Giovani, scommettere ancora

 

Per capire la questione    

C’è un desiderio che abita la vita di ciascuno. Quando si è bambini assume la forma di piccole cose che i grandi chiamano balocchi, cose di poco conto. L’attesa è forte: quando si attende una cosa, lo si fa come se non ci fosse un desiderio più grande. E quando una cosa arriva – da bambini – la si dimentica in fretta. Perché il desiderio non si spegne mai, le cose non finiscono mai: è l’attesa a essere una percezione intrigante.
«Disperare di uno è renderlo disperato», diceva Mounier. Educare è questa fiducia così testarda nelle possibilità di bene dell’altro, da cercare e attendere con ostinazione ciò che lo può rendere una persona bella. Qui si apre un gioco: quello fatto da chi mette in atto mille stratagemmi per provocare e indurre il fiorire di ogni possibilità; purché l’umanità cresca. E, in fondo, non riconosce ciascuno di noi che può dire di essere ciò che è perché ha incontrato qualcuno che ha voluto, almeno un po’, scommettere sul futuro di quello che saremmo diventati?
In questi giorni il porto antico di Genova, ai Magazzini del Cotone, è diventato lo sfondo dove si incontrano i responsabili delle diocesi italiane di pastorale giovanile. Appuntamento che permette di riflettere e ritrovarsi; ciascuno ha sotto gli occhi i propri territori e le proprie storie di vita: condividere le fatiche aiuta a pensare che l’educazione non è un peso da portare, quanto piuttosto una bella avventura da spartire. A patto che non manchi uno sguardo buono sulla vita degli adolescenti e dei giovani: perché soltanto quando li guardiamo con fiducia, è possibile innescare in loro meccanismi di vita.
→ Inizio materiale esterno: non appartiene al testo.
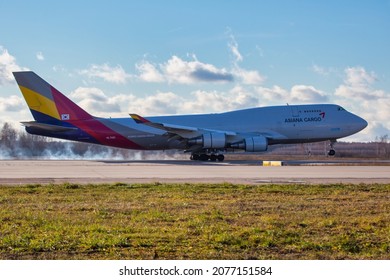 Moscow, Russia - 11.09.2021. Domodedovo International Airport.  Cargo Plane Boeing 747F (Freighter) Of Asiana Cargo Airlines Touches Down Of The Runway. The Wheels Are Smoking. Side View.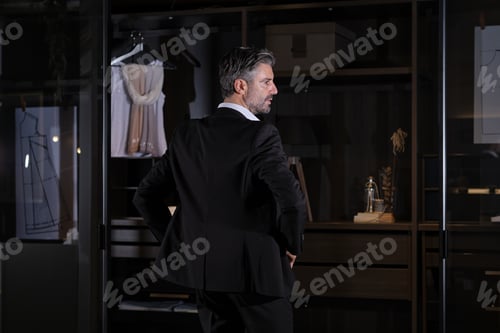 Preview: Adult male in elegant suit near wardrobe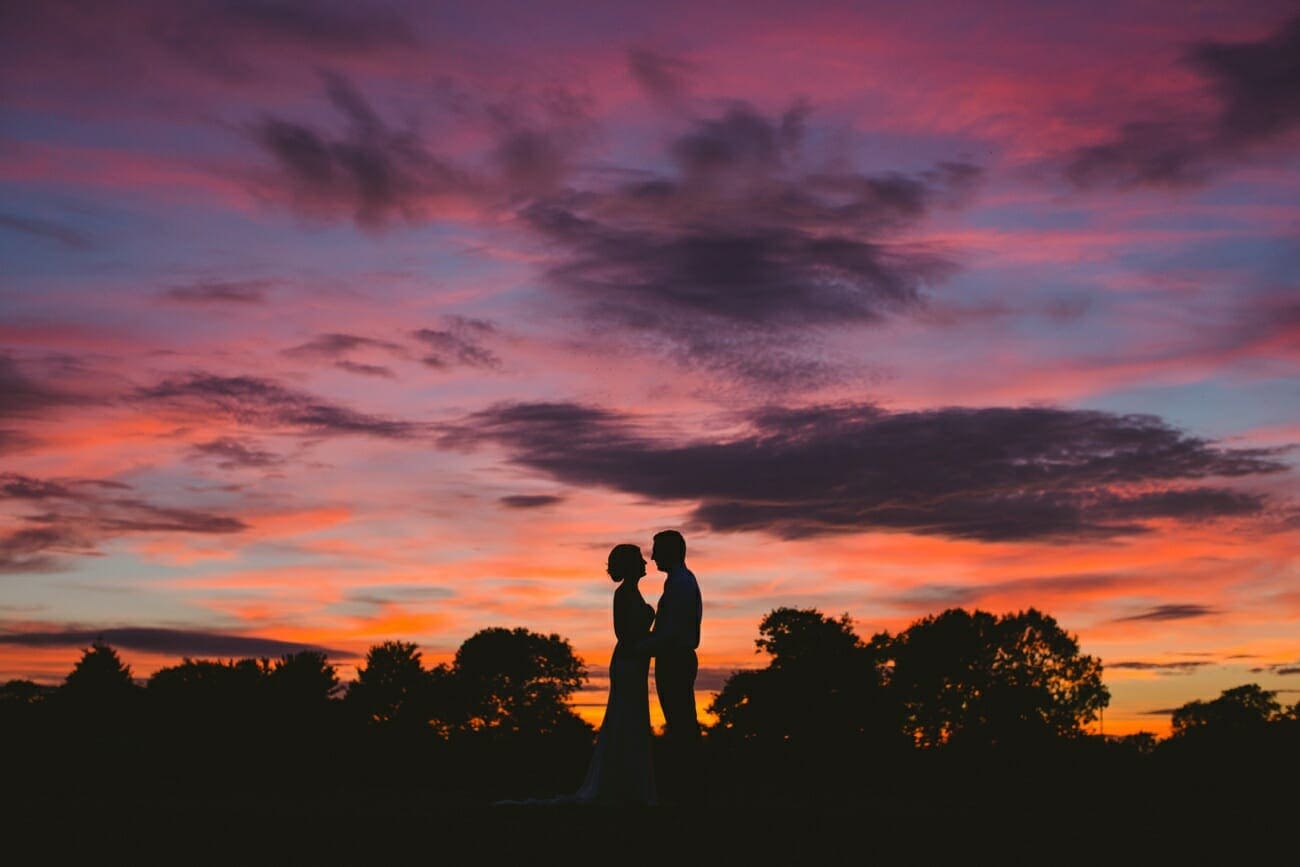 bride and groom at sunset in suffolk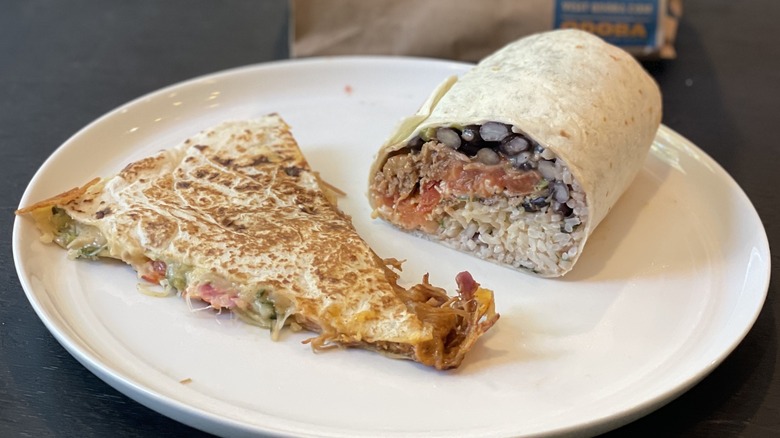 a burrito and quesadilla on a plate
Paradossalmente questo atteggiamento chiede a chi si fa carico di progettare e mettere in atto i processi educativi, di essere coraggioso. Non tanto perché bisogna scommettere su un futuro che non conosciamo mai (d’altronde, si diceva, qualcuno l’ha fatto anche con ciascuno di noi), quanto, piuttosto, perché tutto questo avviene in uno scenario completamente nuovo.
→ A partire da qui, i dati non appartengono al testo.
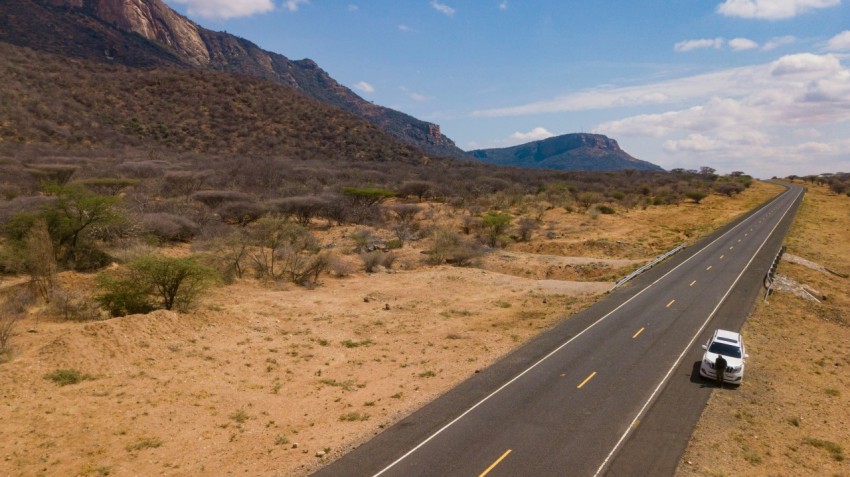 a car driving down a road in the middle of the desert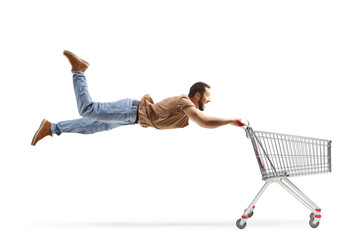 Casual man flying and holding a shopping cart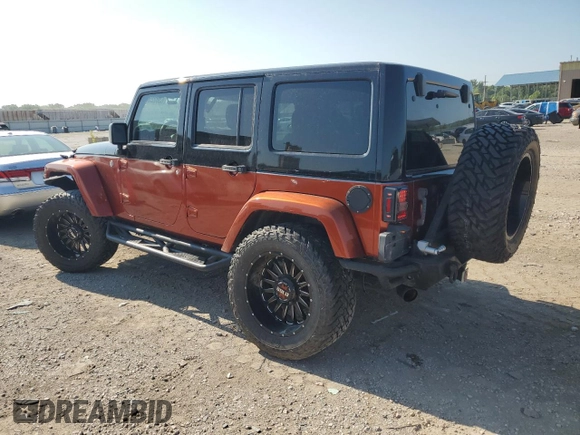 2012 Jeep Wrangler Unlimited Sport with VIN 1C4BJWDG0CL200802, listed as a Copart auction lot 63822365 with 116,501 mi miles and Salvage title. Bid and sale history available at DreamBid. Image 2.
In questi giorni è stato ridetto che le figure ecclesiali (e prima ancora ecclesiastiche) che abitano il territorio sembrano essere sempre più distanti dalla vita dei giovani. La questione non è mettere qualcuno sul banco degli imputati. La questione è tornare, come comunità cristiana, a chiederci (come dice il salmo 8) cos’è mai l’uomo perché Dio se ne curi. Questa passione profonda per l’umanità che Dio desidera da sempre, ci può illuminare e rendere capaci di essere significativi per i nostri giovani.
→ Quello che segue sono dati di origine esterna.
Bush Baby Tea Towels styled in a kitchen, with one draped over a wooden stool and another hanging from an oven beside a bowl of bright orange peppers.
Perché ci abilita a entrare in relazione con loro, ad ascoltarli, a interpretare i loro slanci e anche i loro fallimenti non con risposte già confezionate; come se parlare della loro vita fosse la stessa cosa che scrivere l’oroscopo quotidiano. Si diventa significativi per gli altri quando si vuole bene, non quando ci si mette davanti a loro pensando di offrire una risposta per tutto.
Questo, e solo questo, ci darà la sapienza e il coraggio di scegliere gli atteggiamenti buoni: quelli dell’accoglienza e della cura (come fa il porto quando ricovera le navi); quelli della capacità di spronare le persone a prendere il largo (quando è tempo – l’orizzonte – di attraversarlo). E solo in quel momento un buon educatore si siede a riva. Il cuore che batte è, per sempre, la luce di un faro.